Review – Knights of the Old Republic vol 3: Days of Fear, Nights of Anger

With all the upcoming books and comics set in The Old Republic era (as well as the end of the KOTOR series), I thought I’d try to catch up on the entire run and let you know if you should try and do the same. MizzeOH reviewed Commencement, and a few weeks ago I reviewed Flashpoint, which reminded me why I enjoyed this series so much. But this third volume is my first foray into new material – it wasn’t available in my library, so I had to purchase it for myself to see this part of the story. To see if I felt it was worthwhile, you’ll have to click on the link.

There are two story arcs in the third KOTOR TPB, the first of which is Days of Fear (I bet you can already guess the name of the second arc). It starts out with Jarael & Camper parting company with Zayne and Gryph. They mutually feel that they’re all running from different things and it doesn’t make sense for them to stay together when there are so many different parties trying to pursue them. Gryph hires a Trandoshan named Slyssk to steal a ship for him – except Slyssk is a bad pilot and a worse thief – and now he’s got the local law enforcement after them. But along the way Slyssk get’s fooled into thinking he owes a life-debt to Gryph, so he comes along for the ride.

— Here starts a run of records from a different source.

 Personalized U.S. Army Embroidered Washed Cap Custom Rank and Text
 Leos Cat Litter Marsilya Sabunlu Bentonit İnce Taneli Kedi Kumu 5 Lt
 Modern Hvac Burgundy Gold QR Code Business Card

They wind up on a world near the border of the war between the Republic and the Mandalorians – where the Republic is amassing its troops to prepare to repel the invaders. And the ship Zayne and Gryph stole – is a troop mess ship. But it turns out, Slyssk IS an excellent cook – and they soon become the destination of choice for all the troops stationed on the planet, including Carth Onasi – and folks who’ve played the games should know that name. Anyways, Zayne has a vision that the Mandos aren’t going to play fair and fight the Republic – instead they’re going to sterilize the planet. So with the help of Carth, he gets an audience with Admiral Karath to warn him – only the Admiral doesn’t believe Zayne because he recognizes him as the wanted Jedi. Can Zayne convince them he’s not lying, and will Gryph be able to leave the planet before the war arrives – even if it means giving up the money those Republic troops are willing to pay for his food services?

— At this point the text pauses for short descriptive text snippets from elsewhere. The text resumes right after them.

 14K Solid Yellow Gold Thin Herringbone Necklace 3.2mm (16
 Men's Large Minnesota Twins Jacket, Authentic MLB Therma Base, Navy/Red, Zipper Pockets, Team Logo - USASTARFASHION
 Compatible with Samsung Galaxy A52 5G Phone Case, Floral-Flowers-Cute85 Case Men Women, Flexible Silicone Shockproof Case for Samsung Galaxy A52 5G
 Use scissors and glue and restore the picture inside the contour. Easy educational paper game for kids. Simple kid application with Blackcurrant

The second story arc is Nights of Anger (I –told– you you’d guess it) which is really devoted to Jarael and Camper’s story. An AK-24 droid had somehow gotten onboard their ship and wounded Camper, at which point Rohlan (the Mandalorian who snuck onboard the ship at the end of the last volume) reveals himself and defends his two friends. They decide to take Camper Adascorp – the place he’s been trying to stay away from for as long as Jarael has known him. But they’re the only ones who might be able to figure out how to help Camper. They all wind up as guests (or perhaps prisoners) of Lord Adasca – who needs Camper to activate a inhibitor that will allow Lord Adasca to control a space faring race of giant worms (see Empire Strikes Back) and use them as he sees fit.

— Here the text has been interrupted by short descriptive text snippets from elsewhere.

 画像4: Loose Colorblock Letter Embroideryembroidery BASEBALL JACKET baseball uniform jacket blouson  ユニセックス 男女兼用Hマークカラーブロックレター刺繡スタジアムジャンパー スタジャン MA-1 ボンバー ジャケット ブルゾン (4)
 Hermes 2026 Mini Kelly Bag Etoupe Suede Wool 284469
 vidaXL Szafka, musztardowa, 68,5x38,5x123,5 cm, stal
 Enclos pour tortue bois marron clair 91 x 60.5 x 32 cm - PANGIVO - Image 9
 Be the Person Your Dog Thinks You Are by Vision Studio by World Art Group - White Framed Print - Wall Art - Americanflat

Here’s the biggest problem with this entire volume – it’s not particularly necessary. As mentioned before, this one wasn’t available at my library – so originally I had skipped it, and moved on from vol 2 to vol 4. At the time I was surprised by how easy that was to do – and now I see why. Not all that much happened in this book.

Don’t get me wrong – I enjoyed it, especially the first story arc. It felt like a ‘front lines’ story, the calm before the storm kind of thing. There are great moments of levity, lots of good character moments and progressions and some revelations – while still adding some new secrets as well. I’m more of a fan of Dustin Weaver than the other artists of this volume, and he’s really just in the first arc. The art changes aren’t that noticeable when moving to Nights of Anger, but coupled with the weaker story – it just didn’t interest me all that much. There was literally an entire issue of just talking heads – and what’s worse is, the BIG REVEAL at the end of this last issue, is done as a better reveal (which I remembered once I got to this point in this volume) in the next TPB.

If you’re looking to catch up on KOTOR, I can’t say that you have to read this book to understand what’s going on. Each TPB gives you a quick summary at the beginning of what’s come before – and that’s all you really need when moving from Flashpoint to Daze of Hate, Knights of Suffering (the next TPB). I’d highly recommend Flashpoint (and Commencement before it), but you only need to read Days of Fear, Nights of Anger if you’re really a devoted fan of the series. Otherwise, you could just skip ahead to volume 4 – but that’s a review for another week.